Graph Day SF 2018 sessions

We're just now beginning to announce the sessions. Expect many updates over the next few weeks.

Navigating Time and Probability in Knowledge Graphs

Jans Aasman - Franz, Inc.

The market for knowledge graphs is rapidly developing and evolving to solve widely acknowledged deficiencies with data warehouse approaches. Graph databases are providing the foundation for these knowledge graphs and in our enterprise customer base we see two approaches forming: static knowledge graphs and dynamic event driven knowledge graphs. Static knowledge graphs focus mostly on metadata about entities and the relationships between these entities but they don’t capture ongoing business processes. DBPedia, Geonames and Census or Pubmed are great examples of static knowledge.
Dynamic knowledge graphs are used in the enterprise to facilitate internal processes, facilitate the improvement of products or services or gather dynamic knowledge about customers. I recently authored an IEEE article describing this evolution of knowledge graphs in the Enterprise and during this presentation I will describe two critical success factors for dynamic knowledge graphs, a uniform way to model, query and interactively navigate time and the power of incorporating probabilities into the graph. The presentation will cover three use cases and live demos showing the confluence of knowledge via machine learning, visual querying, distributed graph databases, and big data not only displays links between objects, but also quantifies the probability of their occurrence.

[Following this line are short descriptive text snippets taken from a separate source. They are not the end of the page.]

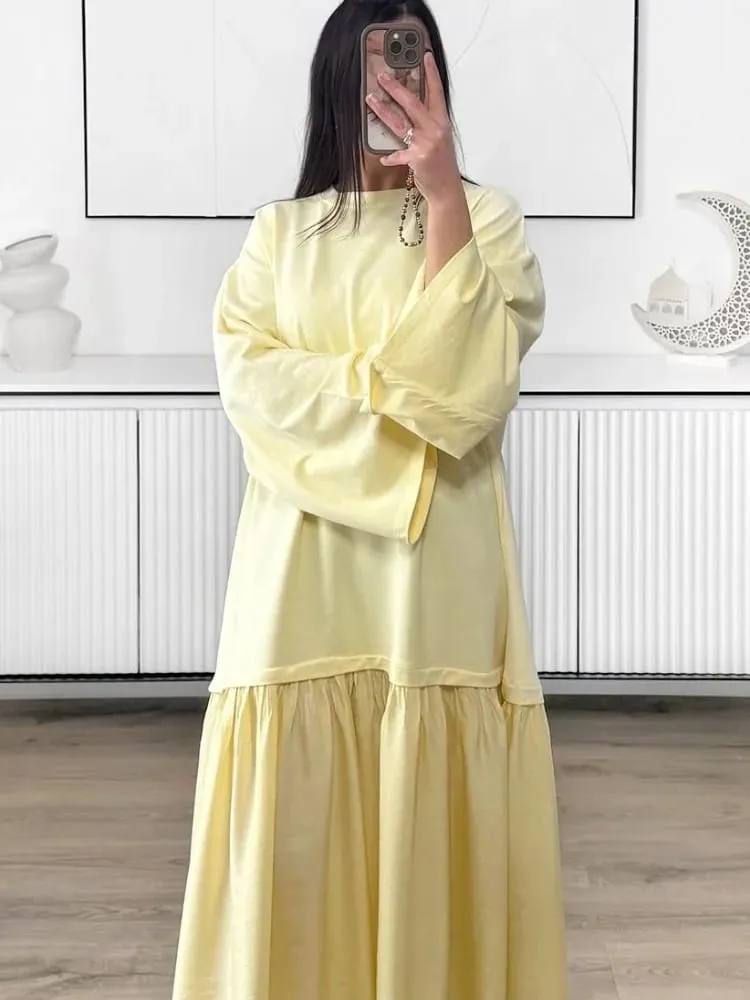Solid Color Loose Fit Flare Sleeve Tiered Dress Crew Neck Ruffle Hem Pleated Long Maxi Dresses 2026 Spring Chic Casual Outwear — image 4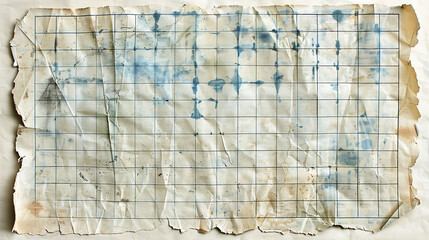 Grid paper overlay with faded blue lines and torn edge.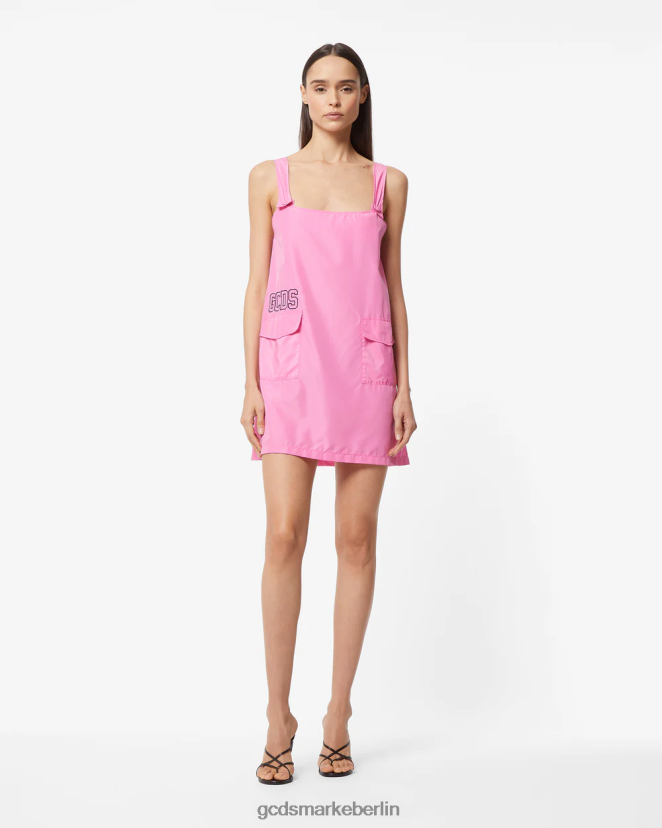 GCDS Frauen Kleid mit herzförmigen Nylontaschen LP42F434 Fuchsie Kleidung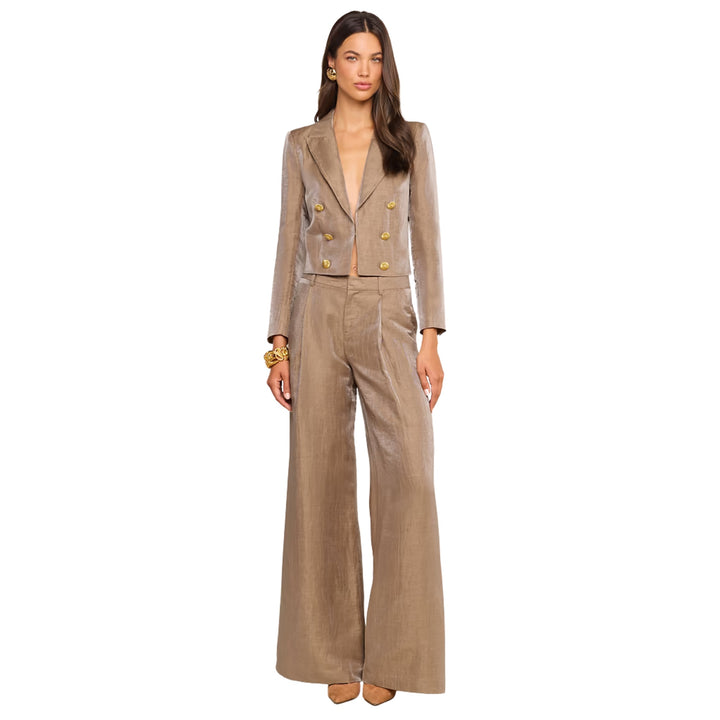 Allanah Mid Rise Trouser in Latte/Gold
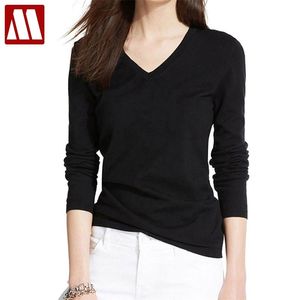 Frauen Mädchen Baumwolle T-shirt Solide Langarm Casual T-shirt Plus Größe Unterhemd Atacado Roupas Femininas Dame Kleidung Tees Tops 210720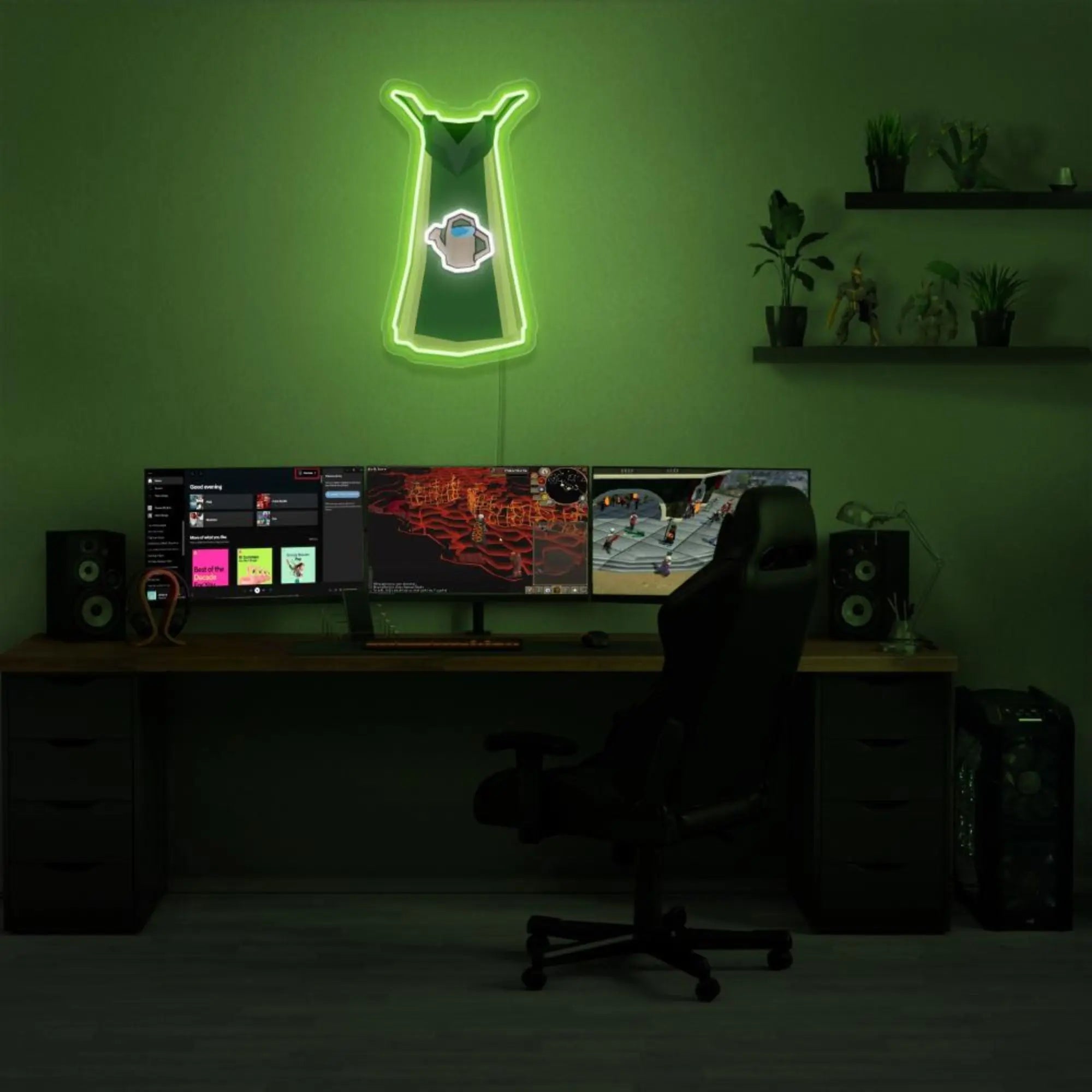 Illuminate your gaming setup with the Runescape Farming Skillcape LED neon sign mounted above a gaming PC. Featuring the iconic farming skill symbol, this LED neon sign adds a touch of agricultural charm to your gaming environment, reminiscent of harvesting crops in RuneScape. A unique gift for Runescape enthusiasts. 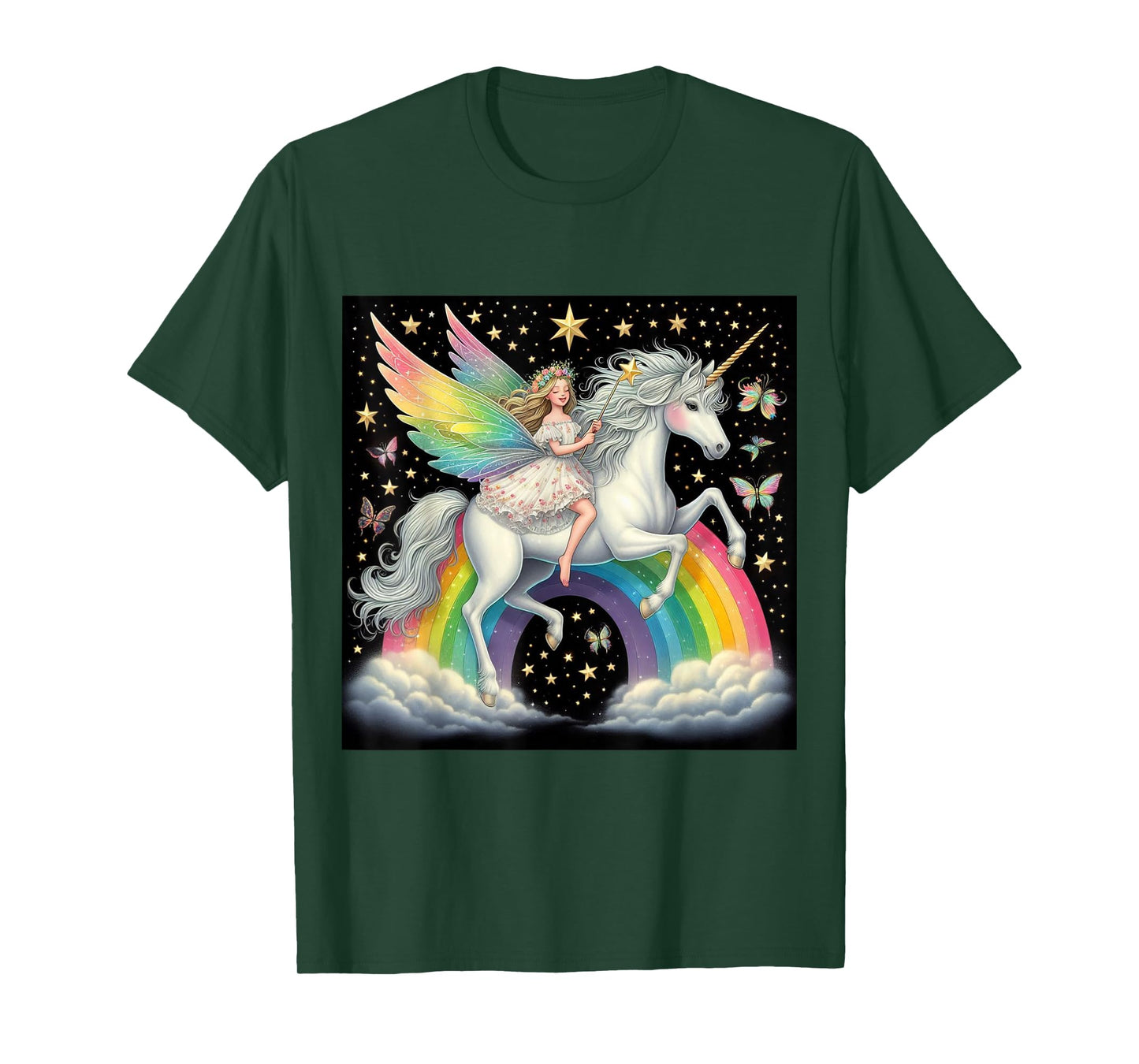 Fairy Riding A Unicorn Boys Girls Men Women Kids Adults T-Shirt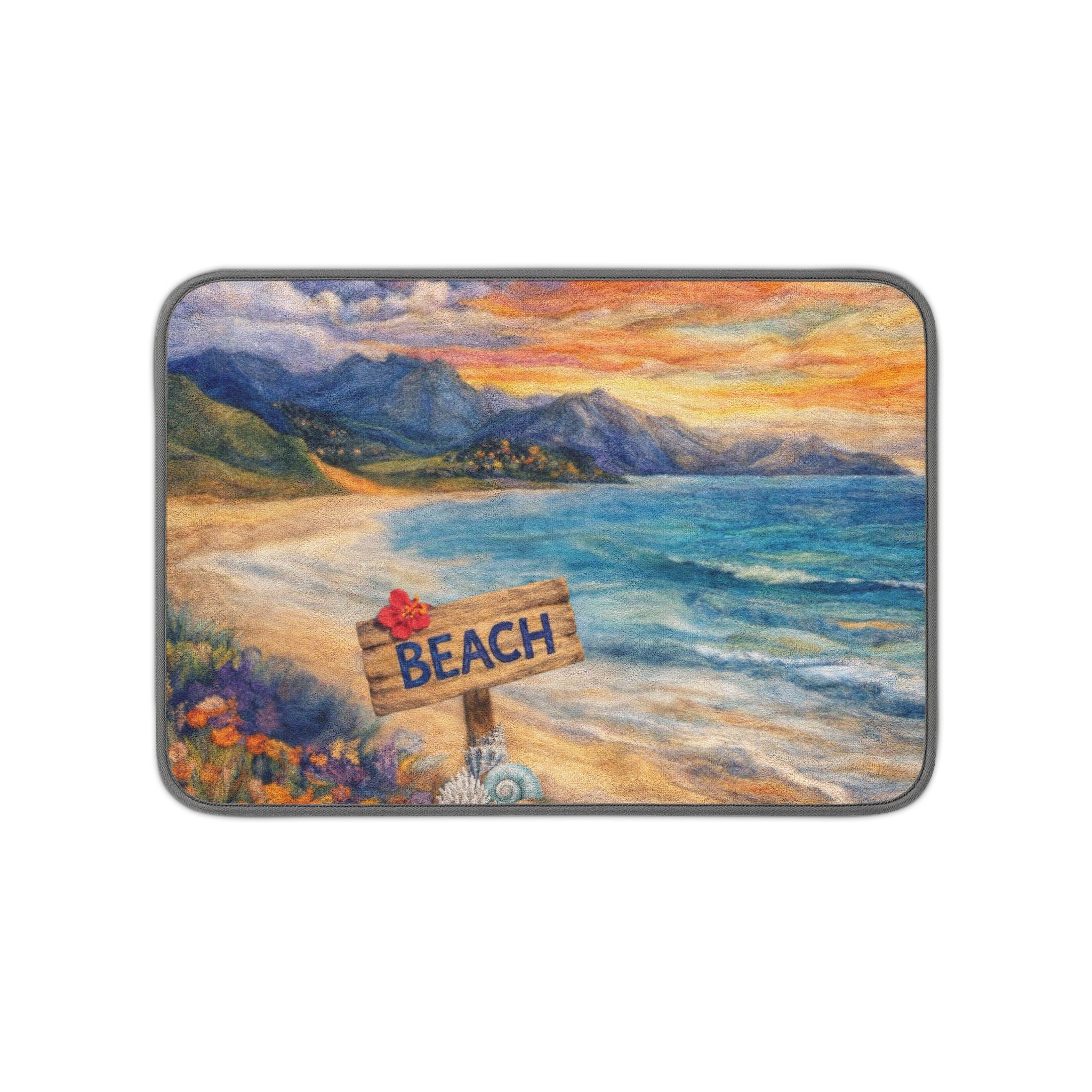 Beach Coastal Dish Drying Mat Microfiber Kitchen Dish Mat | Coastal Decor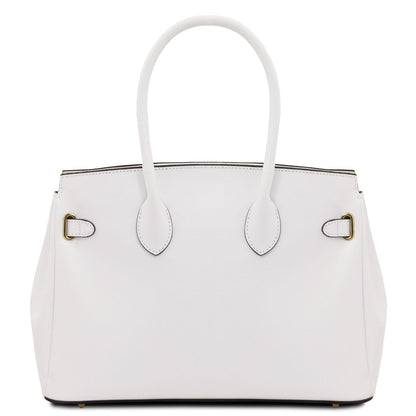 White leather handbag with structured silhouette, rounded handles, and subtle gold-tone hardware accents.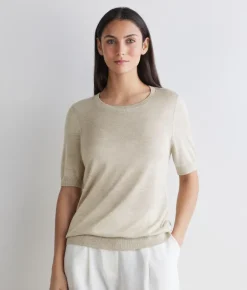Girocollo a maniche corte in Cashmere Silkfine
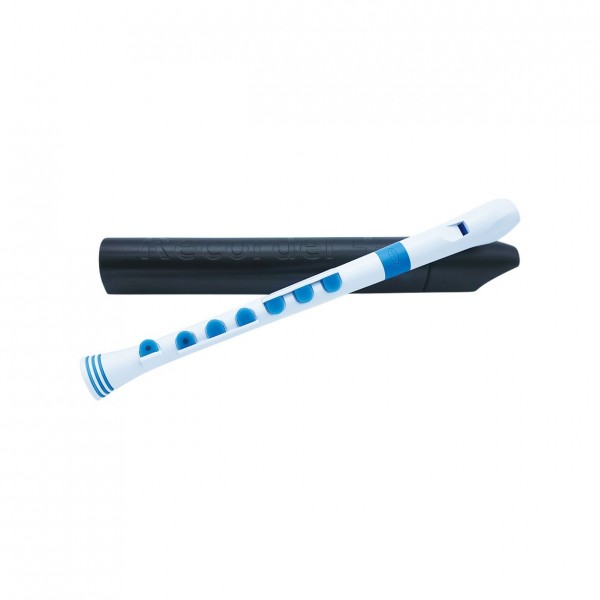 Nuvo Recorder+ with Hard Case,German Fingering, White and Blue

Graph Database + Legacy Application = Hard

Dave Bechberger - GeneByGene

"Let's use a graph to add special project alpha to our product" - Big Boss
"Our application is 15 years old and built on SQL server" - Team
"This project alpha was funded as a graph problem so we are using one" - Big Boss

No matter if you are new to using graph databases or a seasoned veteran implementing new technology into legacy applications is hard. Implementing one as relatively new, and unknown, as graph databases is even harder. The reality is that almost every applications is a legacy application and in order to make them better, taking the hard path turns out to be the best approach.
In this talk, we will walk through both pleasant and painful experiences adding graph databases into legacy applications. Dave will share war stories, battle scars and walk through common patterns and anti-patterns to help you forge your roadmap to success. In the end you will hopefully come away with a sense of what warning signs tp watch out for when starting this kind of project and a better understanding of what not to do.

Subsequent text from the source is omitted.